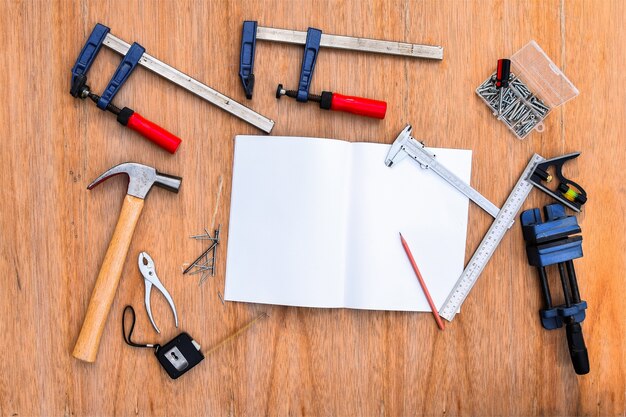 Foto coleção de ferramentas de trabalho, conjunto de ferramentas de trabalho. (chave de aço, martelo, pregos, parafusos, chaves, etc.) com caderno na mesa de madeira.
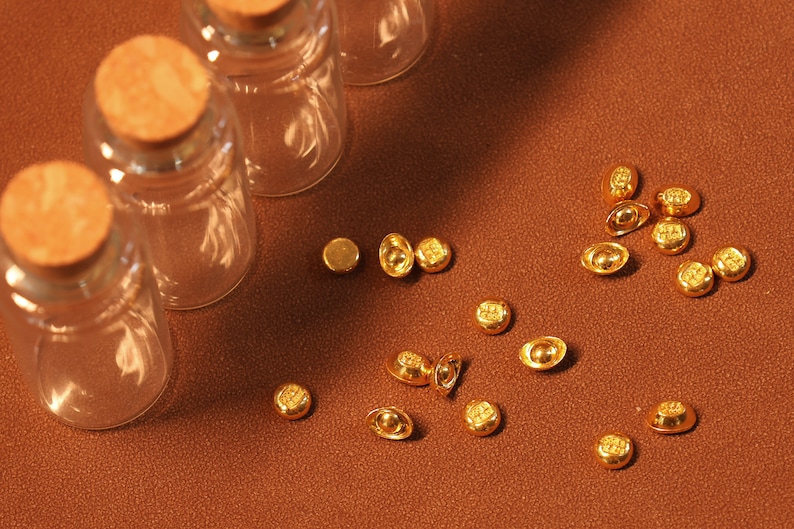 May include: A collection of small, gold-colored ingots and round coins scattered on a brown surface. Three clear glass bottles with cork stoppers are arranged in the background. The lighting creates shadows, highlighting the textures and shapes.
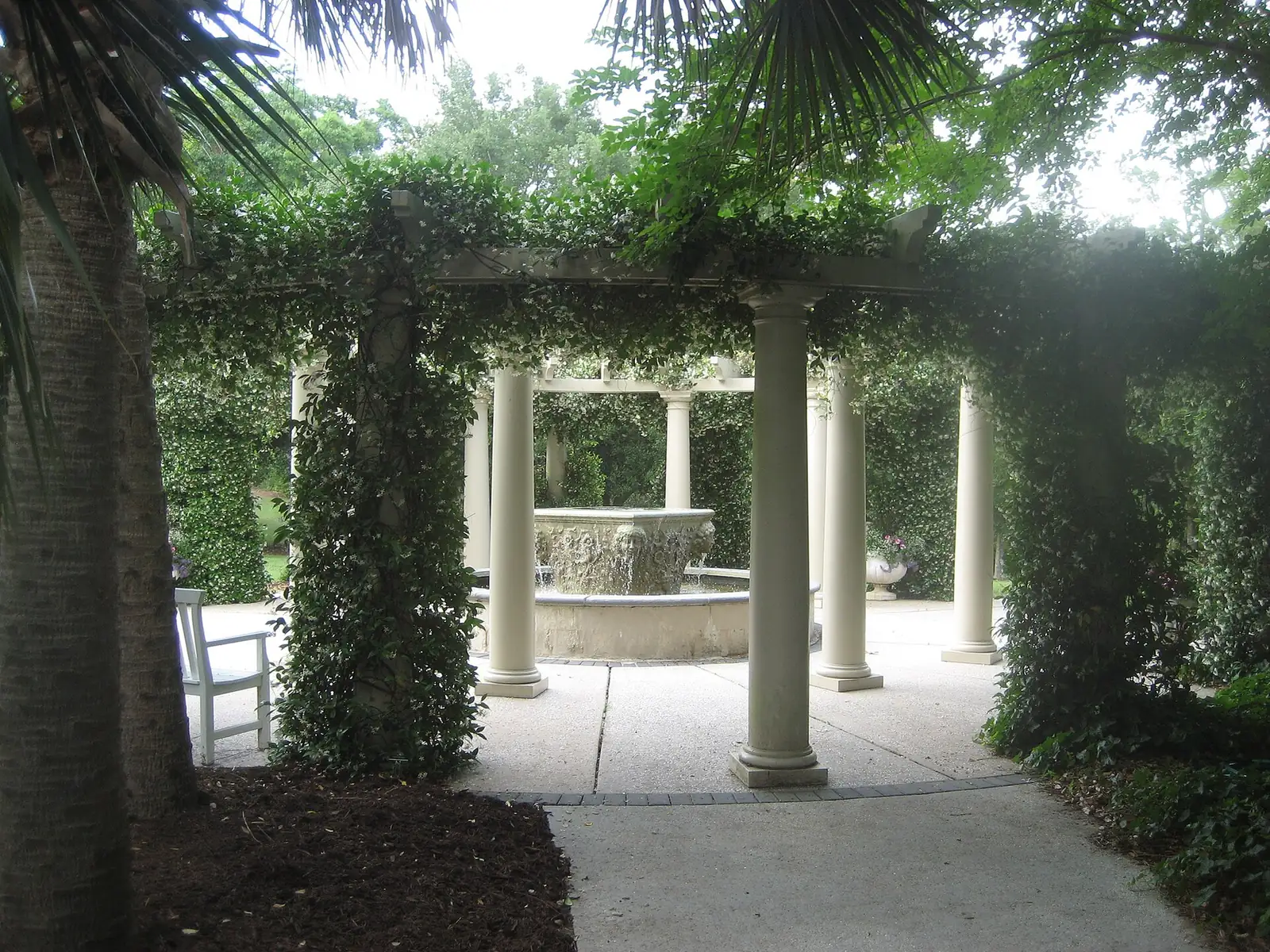 Columns and a fountain wrapped in jasmine at Airlie Gardens in Wilmington.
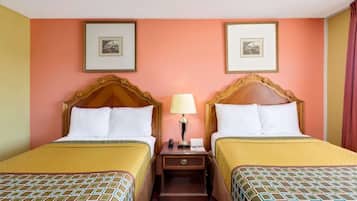 Een hotelkamer met twee bedden, een nachtkastje met een lamp, en ingelijste foto's aan de muur.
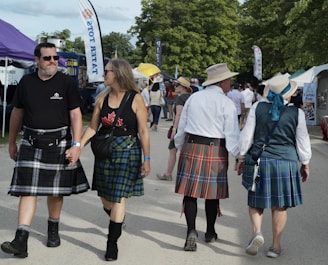 People walking at an outdoor event, with some wearing traditional kilts. Tents and banners are visible in the background with greenery surrounding the area. The scene has a relaxed and festive atmosphere.
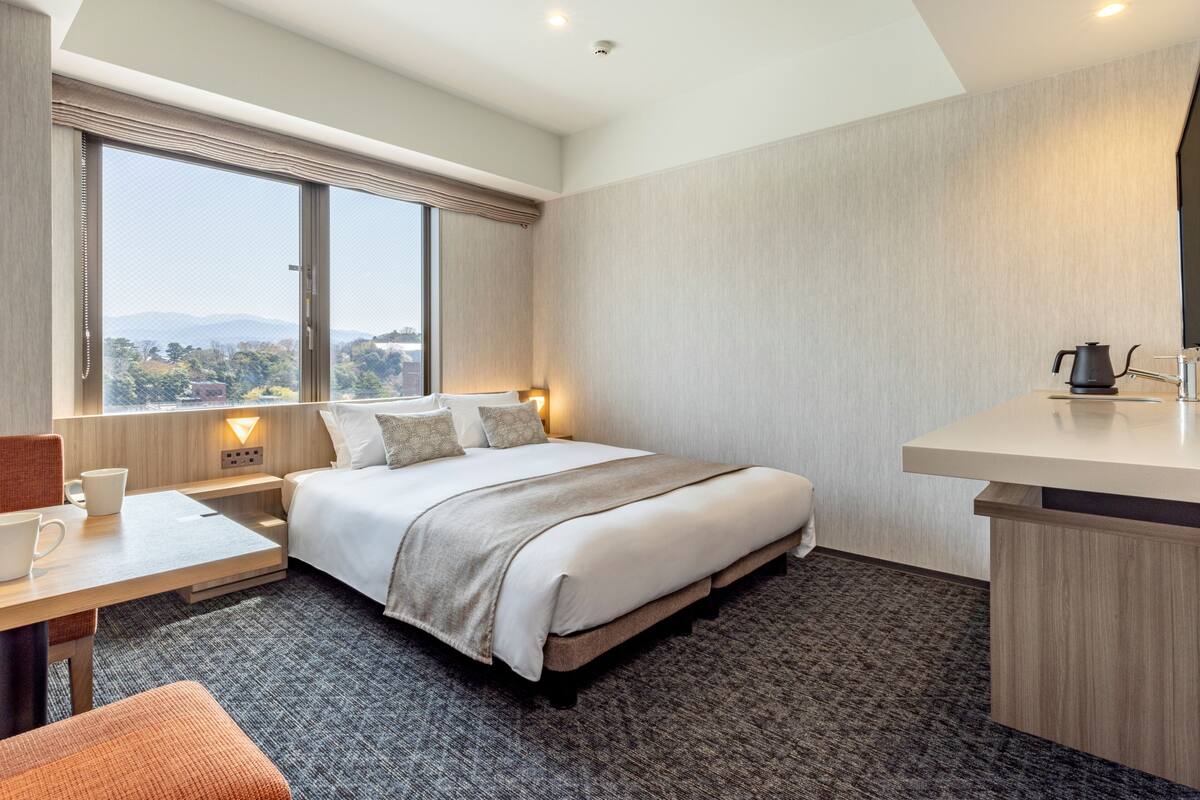 A hotel room with a large bed, a desk with a chair, a window with a view, and a bathroom area.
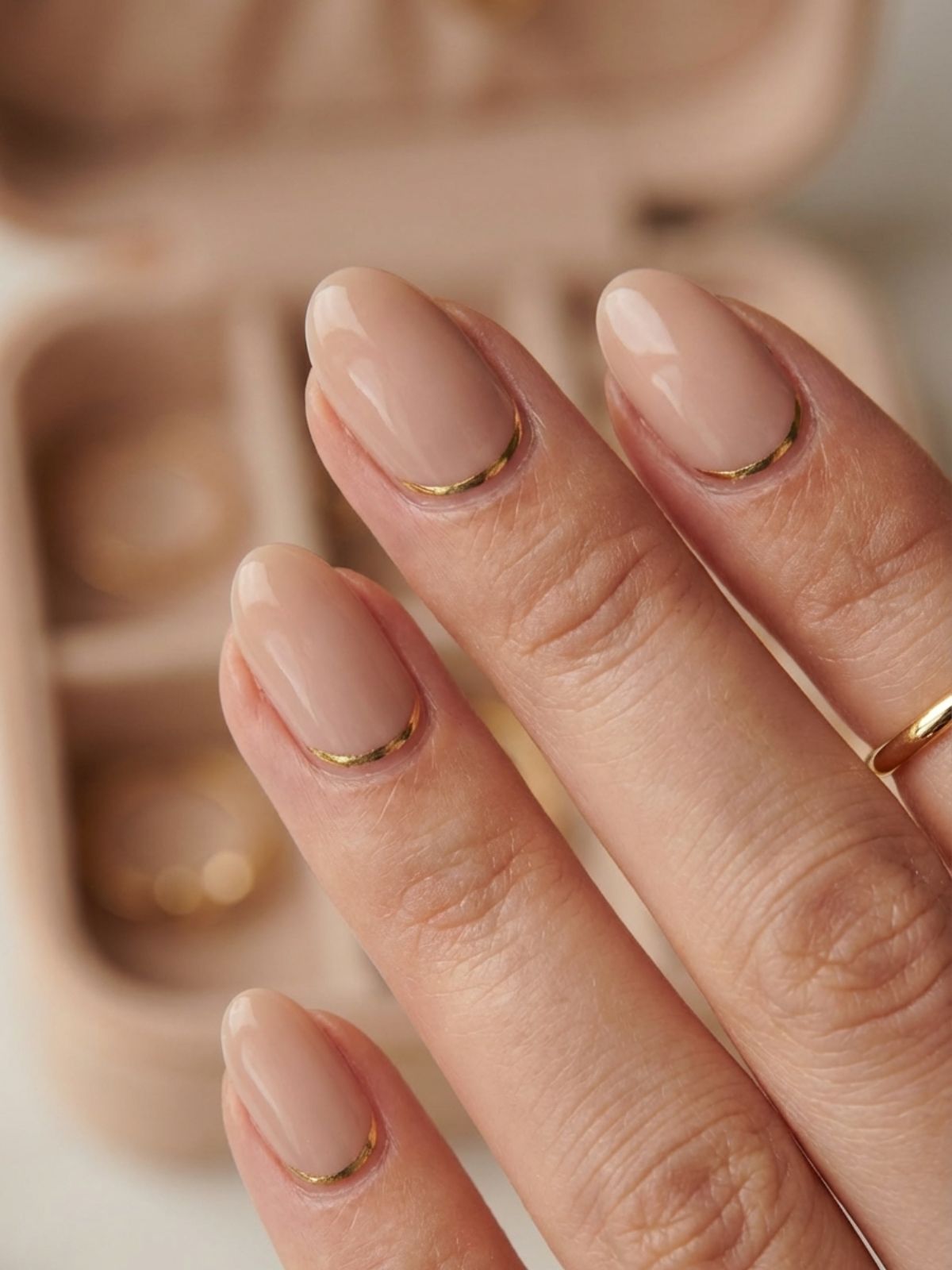Minimal Nails for Content Creators - Frame your nail bed with a metallic 'cuff' for a jewelry-inspired touch.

· · · ·

* TASK BRIEF
Copy out the material above in full and exactly, but with no pictures.

* FINISHED TASK
 Foto coleção de ferramentas de trabalho, conjunto de ferramentas de trabalho. (chave de aço, martelo, pregos, parafusos, chaves, etc.) com caderno na mesa de madeira.
 May include: A collection of small, gold-colored ingots and round coins scattered on a brown surface. Three clear glass bottles with cork stoppers are arranged in the background. The lighting creates shadows, highlighting the textures and shapes.
 Columns and a fountain wrapped in jasmine at Airlie Gardens in Wilmington.
 Een hotelkamer met twee bedden, een nachtkastje met een lamp, en ingelijste foto's aan de muur.
 People walking at an outdoor event, with some wearing traditional kilts. Tents and banners are visible in the background with greenery surrounding the area. The scene has a relaxed and festive atmosphere.
 A hotel room with a large bed, a desk with a chair, a window with a view, and a bathroom area.
Minimal Nails for Content Creators - Frame your nail bed with a metallic 'cuff' for a jewelry-inspired touch.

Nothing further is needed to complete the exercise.